A team of academic researchers from Georgia Tech and Purdue University has unveiled a new side-channel attack, dubbed TEE.Fail, that can extract cryptographic secrets from the Trusted Execution Environments (TEEs) embedded in modern CPUs. The attack targets the secure regions of processors such as Intel SGX and TDX and AMD SEV-SNP that are designed to safeguard sensitive data from even the operating system.
TEE.Fail leverages a memory-bus interposition attack on DDR5-based systems, exploiting design weaknesses in newer confidential computing architectures. Unlike previous DDR4 attacks such as WireTap and BatteringRAM, this is the first method proven effective on DDR5. According to the researchers, the entire setup costs less than $1,000.
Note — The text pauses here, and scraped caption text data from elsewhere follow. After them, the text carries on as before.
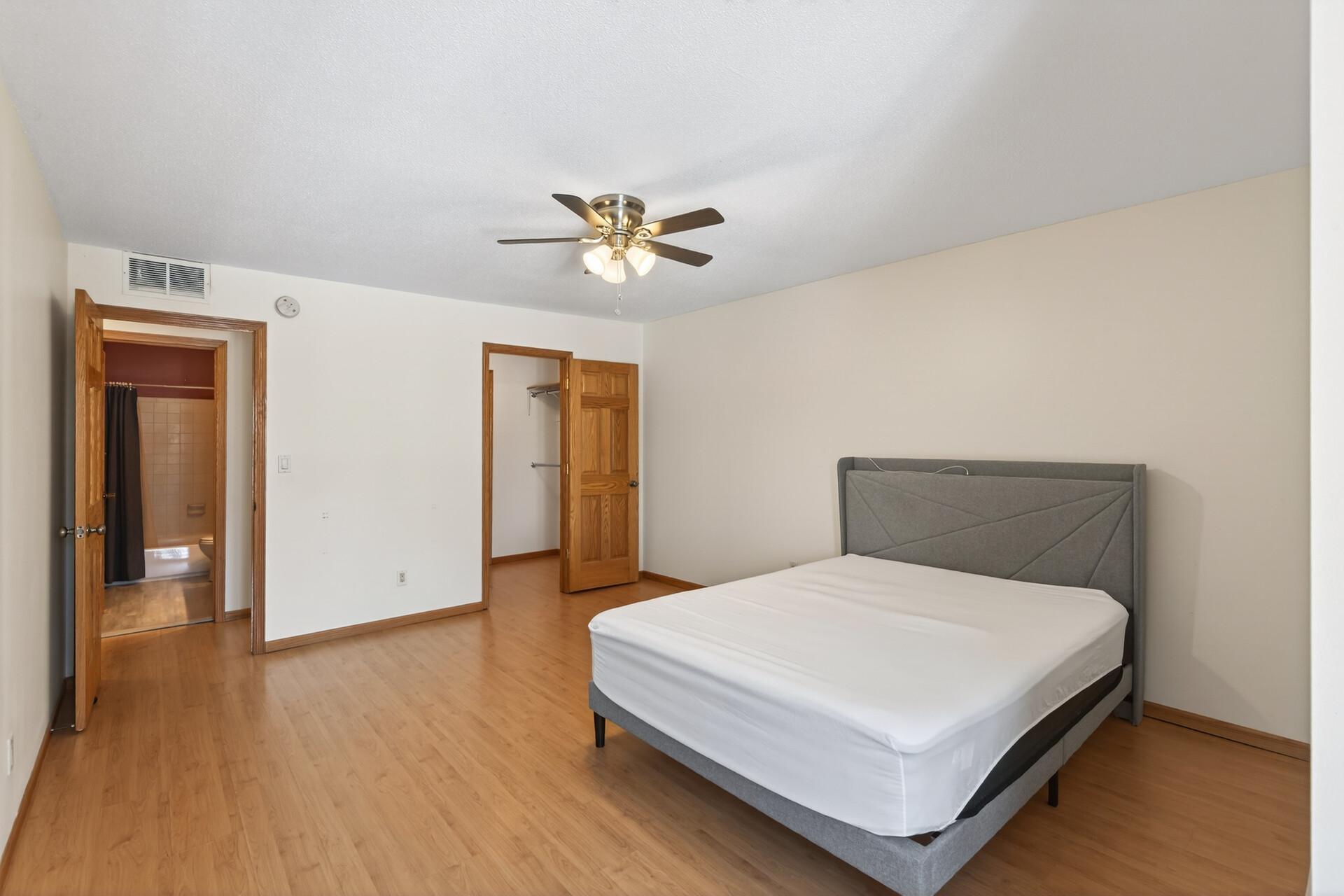 450 Ford Road, Unit 313 St. Louis Park, MN 55426 - Photo 14 of 29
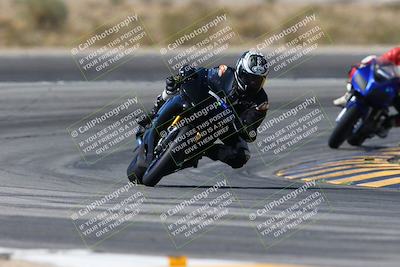 media/Mar-09-2025-TrackXperience (Sun) [[4c2000c718]]/3-Level 2/Session 3 (Turn 11)/
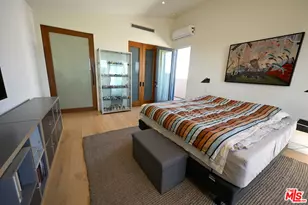 3272 Grand View Blvd, Los Angeles, CA 90066 - Photo 32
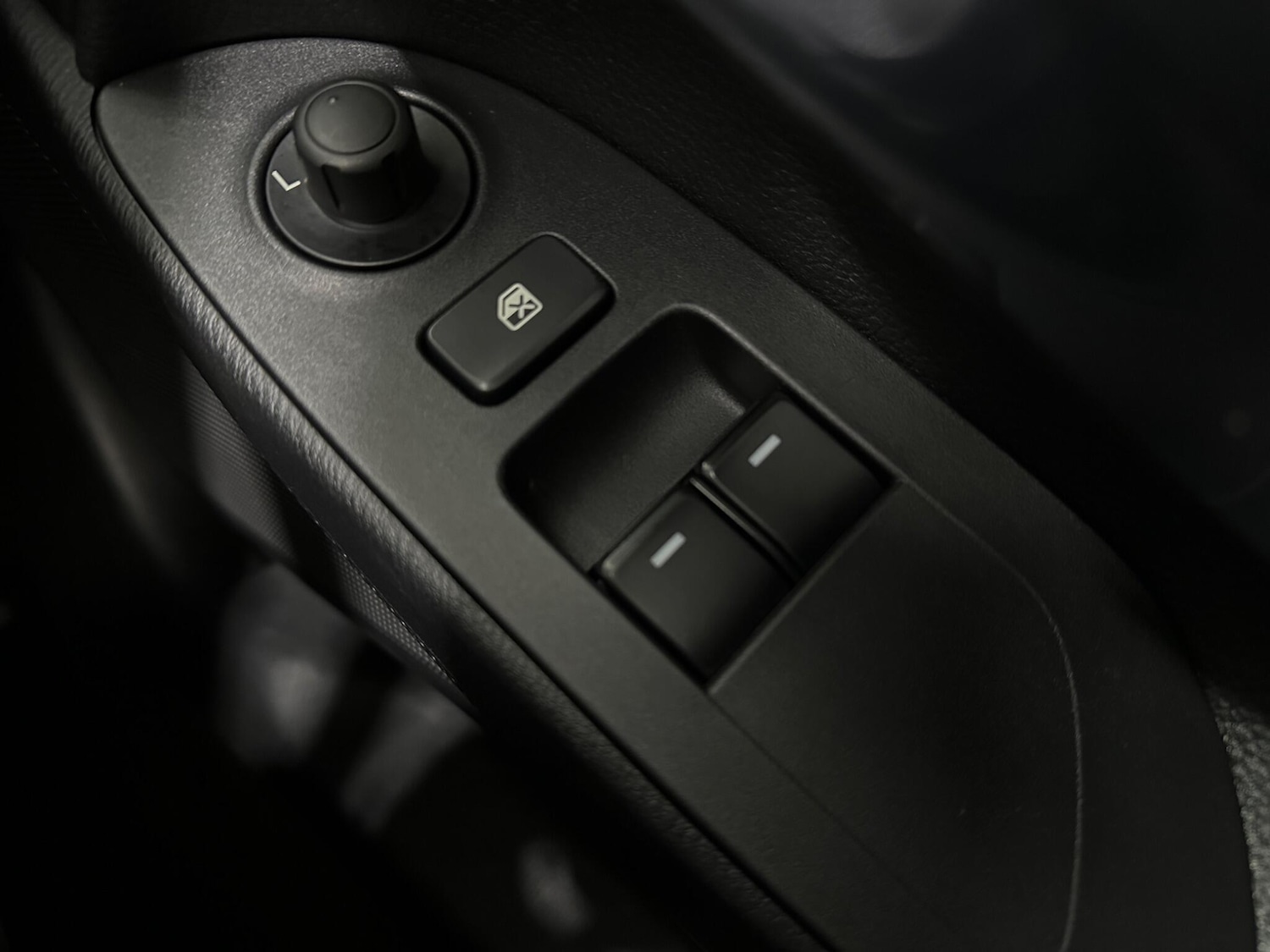 Used Fiat 124 Spider 2018 for sale - 76878971: Photo 17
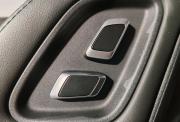 Geely Tugella I Ярославль  - изображение 48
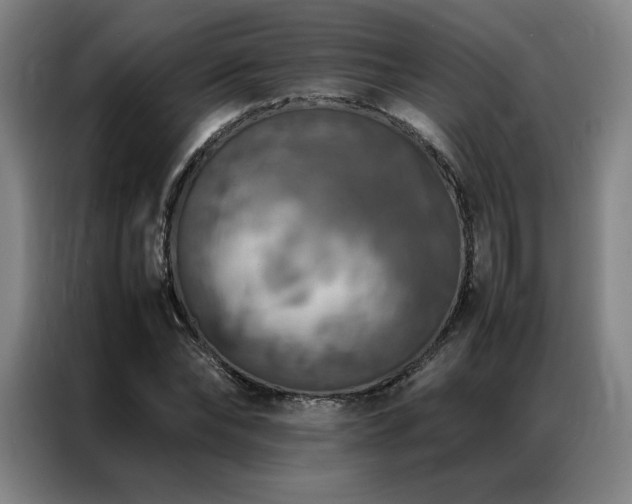 X0000087370878200704201226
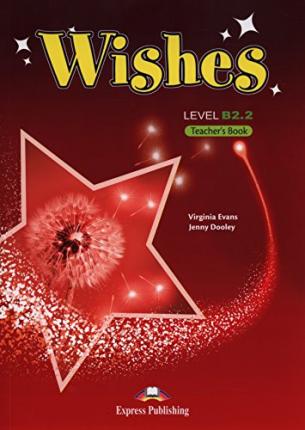 WISHES B2.2 TCHR S 2015 REVISED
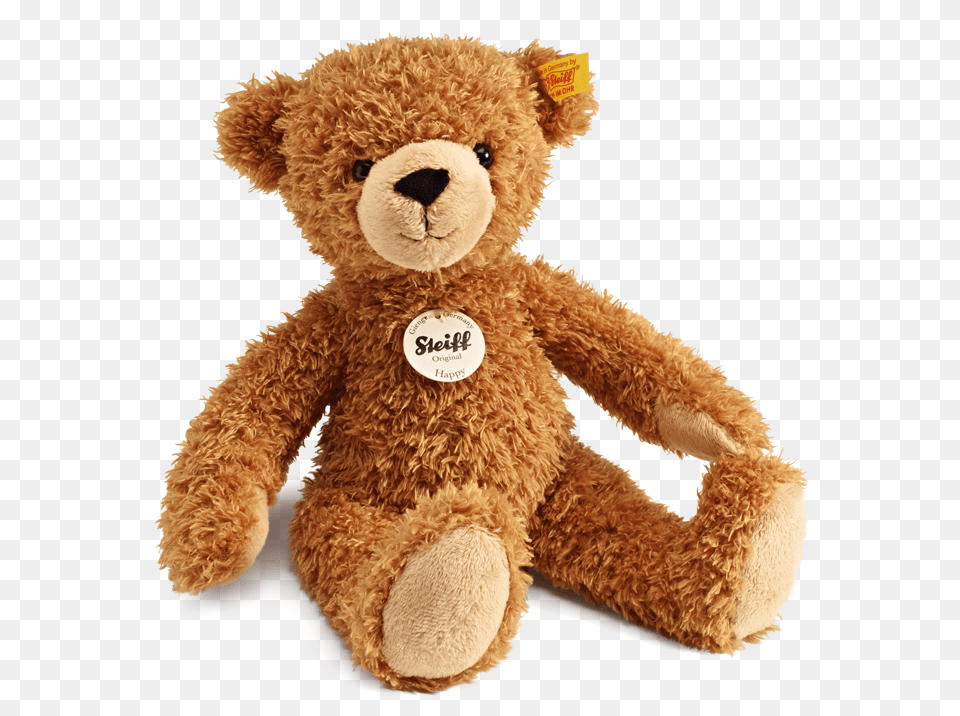 Teddy Bear, Teddy Bear, Toy Png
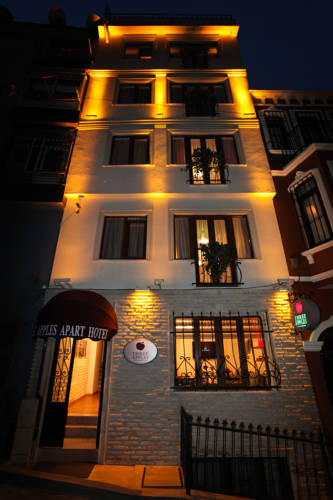 Istanbul Turkiye Promo Code Booking.com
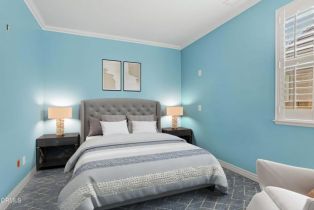 Single Family Residence, 1502 Hidden Ranch dr, Simi Valley, CA 93063 - 26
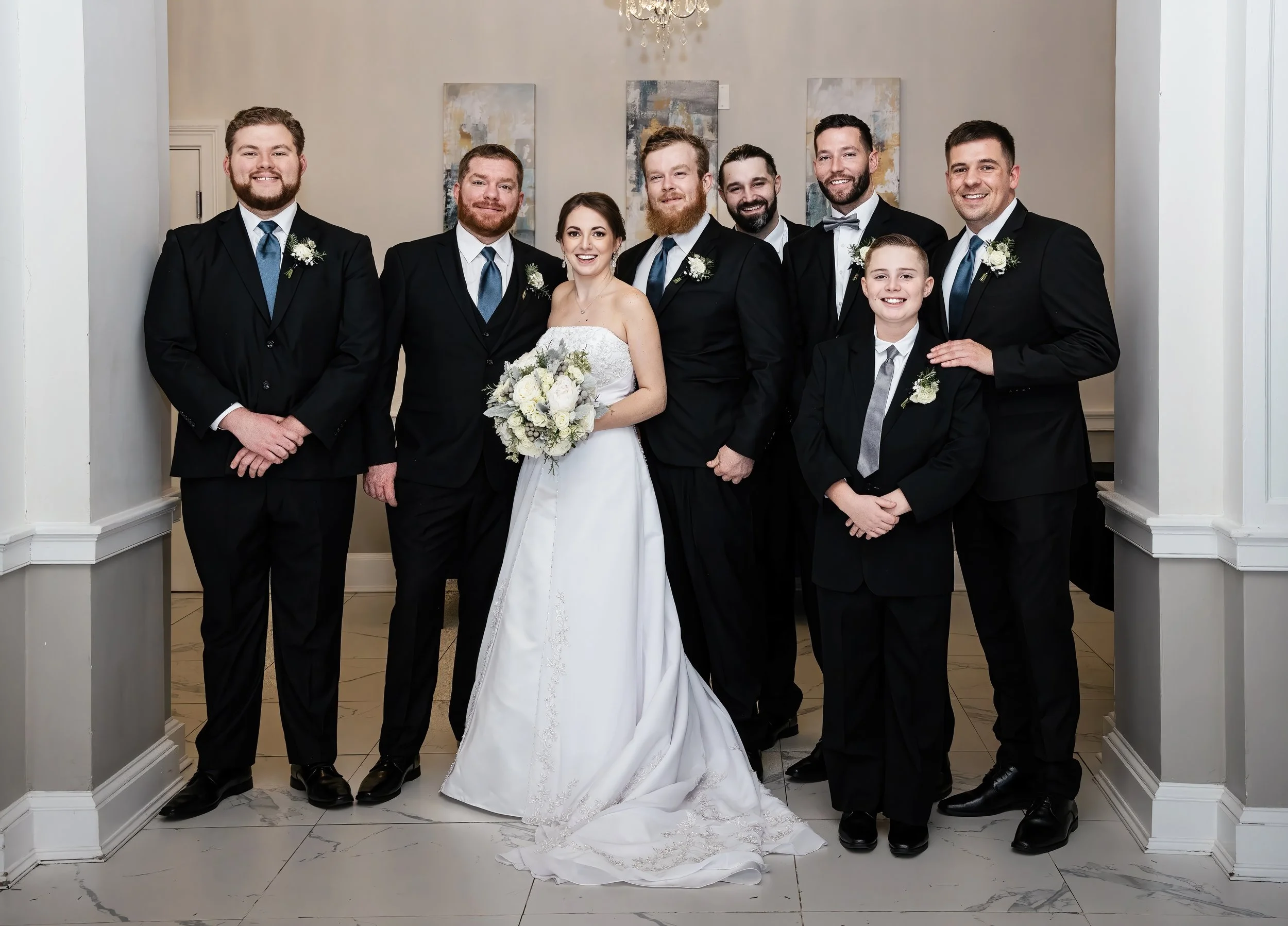 Paige Vosburgh & Adam Farrell Wedding-4468 Edited.jpg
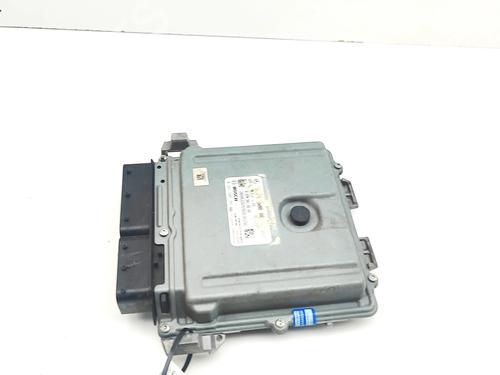 Used Engine control unit (ECU) Engine control unit (ECU) 37177022 37177022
Intel and AMD’s transition to DDR5 memory introduced deterministic AES-XTS encryption but removed memory integrity and replay protections, leaving TEEs exposed to ciphertext analysis.
As part of experiments, the researchers built a custom DDR5 interposer and logic analyzer to observe encrypted data as it moved between the CPU and memory. By lowering the memory clock speed and capturing ciphertext patterns, they confirmed that DDR5 encryption was deterministic, meaning the same plaintext always produces the same ciphertext. This allowed them to map encrypted values to plaintext data, recover nonces, and eventually reconstruct private cryptographic keys.
The research team disclosed their findings to Intel (April 2025), NVIDIA (June 2025), and AMD (August 2025). All three companies acknowledged the issue and are assessing its impact. Intel and NVIDIA are reportedly preparing public statements, while AMD has already issued a bulletin indicating that it does not plan mitigations, citing physical-access attacks as out of scope.